Extracted records:
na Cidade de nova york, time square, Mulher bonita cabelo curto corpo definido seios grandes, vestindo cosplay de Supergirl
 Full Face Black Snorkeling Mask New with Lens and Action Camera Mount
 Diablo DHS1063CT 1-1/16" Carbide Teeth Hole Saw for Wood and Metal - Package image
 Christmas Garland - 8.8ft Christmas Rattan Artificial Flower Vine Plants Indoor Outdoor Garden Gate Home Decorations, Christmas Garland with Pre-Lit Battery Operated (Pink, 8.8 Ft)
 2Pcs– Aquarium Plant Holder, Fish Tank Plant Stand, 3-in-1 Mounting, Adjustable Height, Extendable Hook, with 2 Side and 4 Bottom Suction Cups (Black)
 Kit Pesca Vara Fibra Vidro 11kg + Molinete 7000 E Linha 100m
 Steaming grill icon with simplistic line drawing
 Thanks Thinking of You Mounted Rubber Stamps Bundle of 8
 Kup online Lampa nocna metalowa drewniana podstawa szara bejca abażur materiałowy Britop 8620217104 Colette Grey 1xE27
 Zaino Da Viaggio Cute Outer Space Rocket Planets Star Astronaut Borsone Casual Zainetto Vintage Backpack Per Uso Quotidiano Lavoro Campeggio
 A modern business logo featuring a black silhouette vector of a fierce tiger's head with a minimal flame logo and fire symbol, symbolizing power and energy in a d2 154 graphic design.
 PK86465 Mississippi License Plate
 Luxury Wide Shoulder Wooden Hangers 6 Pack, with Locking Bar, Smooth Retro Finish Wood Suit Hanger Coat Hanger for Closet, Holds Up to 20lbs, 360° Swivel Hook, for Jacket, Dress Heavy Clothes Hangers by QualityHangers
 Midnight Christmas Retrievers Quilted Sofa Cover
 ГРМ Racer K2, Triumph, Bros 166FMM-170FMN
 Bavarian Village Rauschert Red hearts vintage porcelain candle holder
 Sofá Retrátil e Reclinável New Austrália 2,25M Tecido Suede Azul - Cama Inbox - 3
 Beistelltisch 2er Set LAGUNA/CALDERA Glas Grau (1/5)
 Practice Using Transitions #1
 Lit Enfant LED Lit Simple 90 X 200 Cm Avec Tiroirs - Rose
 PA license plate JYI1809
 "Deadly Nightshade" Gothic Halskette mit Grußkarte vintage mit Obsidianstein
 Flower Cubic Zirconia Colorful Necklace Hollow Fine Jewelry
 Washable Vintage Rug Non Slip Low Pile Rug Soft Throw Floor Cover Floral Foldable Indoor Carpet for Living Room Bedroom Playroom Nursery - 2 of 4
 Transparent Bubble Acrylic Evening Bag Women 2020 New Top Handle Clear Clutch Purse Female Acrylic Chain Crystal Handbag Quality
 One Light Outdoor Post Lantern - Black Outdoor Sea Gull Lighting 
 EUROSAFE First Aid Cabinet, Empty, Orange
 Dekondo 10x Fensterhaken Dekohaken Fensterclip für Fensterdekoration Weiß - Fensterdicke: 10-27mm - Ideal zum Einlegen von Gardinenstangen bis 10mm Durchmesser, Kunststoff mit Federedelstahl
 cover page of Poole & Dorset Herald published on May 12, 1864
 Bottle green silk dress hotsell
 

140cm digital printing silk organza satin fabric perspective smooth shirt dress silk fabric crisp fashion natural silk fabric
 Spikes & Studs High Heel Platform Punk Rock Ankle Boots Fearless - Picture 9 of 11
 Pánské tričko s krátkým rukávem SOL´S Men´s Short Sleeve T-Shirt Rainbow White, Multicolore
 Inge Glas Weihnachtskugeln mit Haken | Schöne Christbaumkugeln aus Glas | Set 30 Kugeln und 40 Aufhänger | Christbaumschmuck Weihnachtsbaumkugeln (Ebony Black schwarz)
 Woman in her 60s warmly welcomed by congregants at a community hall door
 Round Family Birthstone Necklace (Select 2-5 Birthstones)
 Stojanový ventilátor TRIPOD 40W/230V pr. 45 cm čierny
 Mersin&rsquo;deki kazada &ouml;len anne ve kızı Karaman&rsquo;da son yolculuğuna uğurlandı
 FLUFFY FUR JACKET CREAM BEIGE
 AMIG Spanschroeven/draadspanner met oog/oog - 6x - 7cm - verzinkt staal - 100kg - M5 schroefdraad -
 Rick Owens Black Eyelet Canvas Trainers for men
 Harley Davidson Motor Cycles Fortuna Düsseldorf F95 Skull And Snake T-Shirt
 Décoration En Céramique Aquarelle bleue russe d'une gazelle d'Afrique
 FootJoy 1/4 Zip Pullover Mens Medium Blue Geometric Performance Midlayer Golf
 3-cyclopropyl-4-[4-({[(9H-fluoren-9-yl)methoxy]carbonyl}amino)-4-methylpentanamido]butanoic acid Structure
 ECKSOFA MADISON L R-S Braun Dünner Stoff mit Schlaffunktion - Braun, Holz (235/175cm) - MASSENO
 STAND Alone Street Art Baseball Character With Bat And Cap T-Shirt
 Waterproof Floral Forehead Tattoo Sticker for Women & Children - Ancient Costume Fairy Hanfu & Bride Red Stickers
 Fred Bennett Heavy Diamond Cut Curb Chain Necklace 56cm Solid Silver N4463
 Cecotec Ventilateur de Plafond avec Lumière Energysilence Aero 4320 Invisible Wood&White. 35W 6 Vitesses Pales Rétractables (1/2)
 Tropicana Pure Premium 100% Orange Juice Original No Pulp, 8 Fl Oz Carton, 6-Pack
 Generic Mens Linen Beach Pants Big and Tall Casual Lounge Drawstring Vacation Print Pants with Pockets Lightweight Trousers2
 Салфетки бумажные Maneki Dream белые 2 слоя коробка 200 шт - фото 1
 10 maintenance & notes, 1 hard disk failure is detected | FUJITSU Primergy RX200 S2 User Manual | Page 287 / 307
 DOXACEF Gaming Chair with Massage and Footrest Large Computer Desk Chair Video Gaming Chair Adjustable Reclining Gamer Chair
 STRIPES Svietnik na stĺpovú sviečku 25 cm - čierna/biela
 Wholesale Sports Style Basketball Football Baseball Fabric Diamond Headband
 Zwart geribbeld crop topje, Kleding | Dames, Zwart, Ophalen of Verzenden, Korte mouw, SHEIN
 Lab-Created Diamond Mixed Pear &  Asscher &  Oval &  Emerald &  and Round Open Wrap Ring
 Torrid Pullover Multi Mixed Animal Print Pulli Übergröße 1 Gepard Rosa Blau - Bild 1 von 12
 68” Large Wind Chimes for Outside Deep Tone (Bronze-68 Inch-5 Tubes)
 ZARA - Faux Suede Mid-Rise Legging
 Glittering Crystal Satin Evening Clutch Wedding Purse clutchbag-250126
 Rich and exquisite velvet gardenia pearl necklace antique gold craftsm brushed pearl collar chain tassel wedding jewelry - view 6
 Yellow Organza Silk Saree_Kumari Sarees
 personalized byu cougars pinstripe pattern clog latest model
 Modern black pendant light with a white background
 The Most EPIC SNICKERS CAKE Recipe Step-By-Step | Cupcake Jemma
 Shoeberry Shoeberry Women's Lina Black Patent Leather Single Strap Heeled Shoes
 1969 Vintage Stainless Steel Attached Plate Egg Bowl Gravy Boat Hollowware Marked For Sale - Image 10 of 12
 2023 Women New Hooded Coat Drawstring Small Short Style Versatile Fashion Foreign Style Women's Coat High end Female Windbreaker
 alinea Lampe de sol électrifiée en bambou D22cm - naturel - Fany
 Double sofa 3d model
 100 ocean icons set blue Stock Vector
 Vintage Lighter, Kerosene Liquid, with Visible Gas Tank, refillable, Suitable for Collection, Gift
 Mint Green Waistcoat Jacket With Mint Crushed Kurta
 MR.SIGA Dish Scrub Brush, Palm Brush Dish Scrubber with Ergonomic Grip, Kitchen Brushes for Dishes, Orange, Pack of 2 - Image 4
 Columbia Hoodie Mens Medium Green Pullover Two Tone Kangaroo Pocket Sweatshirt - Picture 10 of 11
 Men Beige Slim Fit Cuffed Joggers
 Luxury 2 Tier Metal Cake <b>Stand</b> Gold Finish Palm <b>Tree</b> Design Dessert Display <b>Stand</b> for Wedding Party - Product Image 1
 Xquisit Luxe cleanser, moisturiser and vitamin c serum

What this task involves:
Of the entries above, repeat exactly the lines from the line with "ECKSOFA MADISON L" through the line with "Shoeberry Shoeberry Women's", both of them included.

Output for this task:
 ECKSOFA MADISON L R-S Braun Dünner Stoff mit Schlaffunktion - Braun, Holz (235/175cm) - MASSENO
 STAND Alone Street Art Baseball Character With Bat And Cap T-Shirt
 Waterproof Floral Forehead Tattoo Sticker for Women & Children - Ancient Costume Fairy Hanfu & Bride Red Stickers
 Fred Bennett Heavy Diamond Cut Curb Chain Necklace 56cm Solid Silver N4463
 Cecotec Ventilateur de Plafond avec Lumière Energysilence Aero 4320 Invisible Wood&White. 35W 6 Vitesses Pales Rétractables (1/2)
 Tropicana Pure Premium 100% Orange Juice Original No Pulp, 8 Fl Oz Carton, 6-Pack
 Generic Mens Linen Beach Pants Big and Tall Casual Lounge Drawstring Vacation Print Pants with Pockets Lightweight Trousers2
 Салфетки бумажные Maneki Dream белые 2 слоя коробка 200 шт - фото 1
 10 maintenance & notes, 1 hard disk failure is detected | FUJITSU Primergy RX200 S2 User Manual | Page 287 / 307
 DOXACEF Gaming Chair with Massage and Footrest Large Computer Desk Chair Video Gaming Chair Adjustable Reclining Gamer Chair
 STRIPES Svietnik na stĺpovú sviečku 25 cm - čierna/biela
 Wholesale Sports Style Basketball Football Baseball Fabric Diamond Headband
 Zwart geribbeld crop topje, Kleding | Dames, Zwart, Ophalen of Verzenden, Korte mouw, SHEIN
 Lab-Created Diamond Mixed Pear &  Asscher &  Oval &  Emerald &  and Round Open Wrap Ring
 Torrid Pullover Multi Mixed Animal Print Pulli Übergröße 1 Gepard Rosa Blau - Bild 1 von 12
 68” Large Wind Chimes for Outside Deep Tone (Bronze-68 Inch-5 Tubes)
 ZARA - Faux Suede Mid-Rise Legging
 Glittering Crystal Satin Evening Clutch Wedding Purse clutchbag-250126
 Rich and exquisite velvet gardenia pearl necklace antique gold craftsm brushed pearl collar chain tassel wedding jewelry - view 6
 Yellow Organza Silk Saree_Kumari Sarees
 personalized byu cougars pinstripe pattern clog latest model
 Modern black pendant light with a white background
 The Most EPIC SNICKERS CAKE Recipe Step-By-Step | Cupcake Jemma
 Shoeberry Shoeberry Women's Lina Black Patent Leather Single Strap Heeled Shoes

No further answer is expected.